● AIM OF THE TASK
Starting at the line with "তরুণরাই নতুন বাংলাদেশ গঠন করবে তরুণরাই" and ending at the line with "racción Fake Love", print exactly the lines of the entries below. Pictures do not belong in the copy.

● GIVEN DATA
....
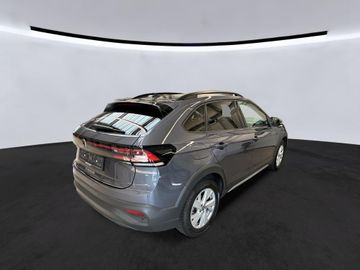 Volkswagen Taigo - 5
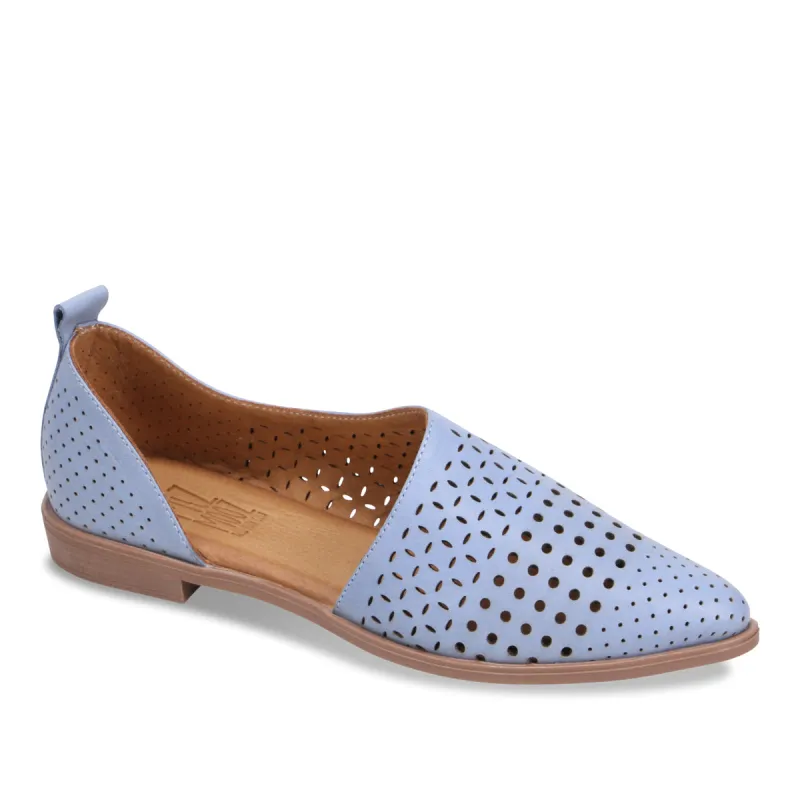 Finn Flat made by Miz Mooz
....
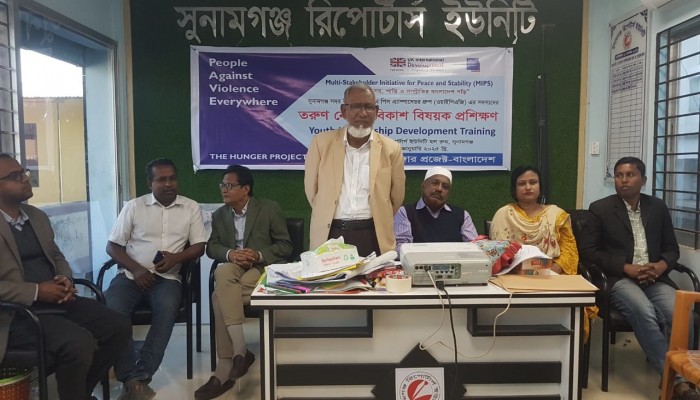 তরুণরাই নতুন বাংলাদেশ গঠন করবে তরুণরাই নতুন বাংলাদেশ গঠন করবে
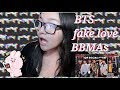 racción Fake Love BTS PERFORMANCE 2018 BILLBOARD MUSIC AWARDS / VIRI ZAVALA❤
....
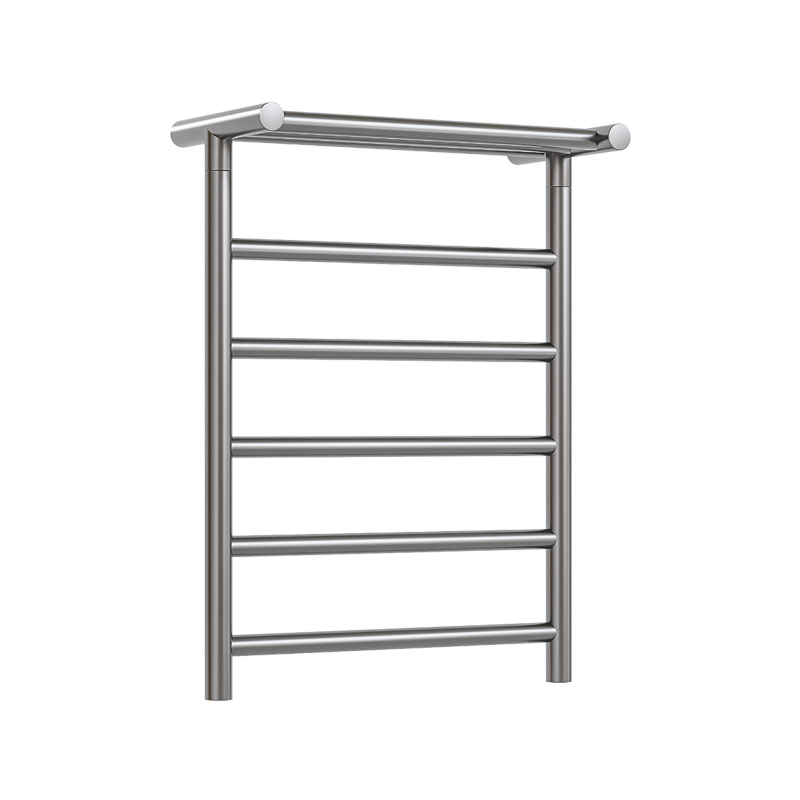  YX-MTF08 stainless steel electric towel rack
....
● WORKED SOLUTION
 তরুণরাই নতুন বাংলাদেশ গঠন করবে তরুণরাই নতুন বাংলাদেশ গঠন করবে
 racción Fake Love BTS PERFORMANCE 2018 BILLBOARD MUSIC AWARDS / VIRI ZAVALA❤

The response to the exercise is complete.